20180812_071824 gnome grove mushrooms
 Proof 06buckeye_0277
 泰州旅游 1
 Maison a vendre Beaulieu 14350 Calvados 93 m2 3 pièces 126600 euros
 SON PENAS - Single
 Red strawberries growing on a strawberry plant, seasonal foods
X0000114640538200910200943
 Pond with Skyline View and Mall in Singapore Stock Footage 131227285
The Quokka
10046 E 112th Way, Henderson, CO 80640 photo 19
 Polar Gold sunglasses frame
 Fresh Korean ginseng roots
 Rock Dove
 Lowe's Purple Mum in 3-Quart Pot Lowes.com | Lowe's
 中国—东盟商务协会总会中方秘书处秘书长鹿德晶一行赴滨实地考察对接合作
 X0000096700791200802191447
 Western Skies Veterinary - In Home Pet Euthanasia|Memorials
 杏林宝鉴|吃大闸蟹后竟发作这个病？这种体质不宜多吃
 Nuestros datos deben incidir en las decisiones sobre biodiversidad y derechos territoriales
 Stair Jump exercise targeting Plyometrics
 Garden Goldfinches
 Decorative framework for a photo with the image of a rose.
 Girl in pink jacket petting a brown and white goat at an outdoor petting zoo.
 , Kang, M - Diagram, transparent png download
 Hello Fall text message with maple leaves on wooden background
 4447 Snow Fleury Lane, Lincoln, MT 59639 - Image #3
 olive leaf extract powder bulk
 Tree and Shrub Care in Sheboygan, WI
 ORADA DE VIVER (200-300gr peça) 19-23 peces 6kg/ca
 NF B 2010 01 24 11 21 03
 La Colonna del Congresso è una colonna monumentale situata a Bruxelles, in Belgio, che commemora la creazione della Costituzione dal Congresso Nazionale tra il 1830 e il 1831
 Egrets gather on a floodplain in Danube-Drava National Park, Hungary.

### [Exercise directions]
Write out, word for word, the line containing "olive leaf extract powder bulk" and every line after it to the end of the data above.

### [Written response]
 olive leaf extract powder bulk
 Tree and Shrub Care in Sheboygan, WI
 ORADA DE VIVER (200-300gr peça) 19-23 peces 6kg/ca
 NF B 2010 01 24 11 21 03
 La Colonna del Congresso è una colonna monumentale situata a Bruxelles, in Belgio, che commemora la creazione della Costituzione dal Congresso Nazionale tra il 1830 e il 1831
 Egrets gather on a floodplain in Danube-Drava National Park, Hungary.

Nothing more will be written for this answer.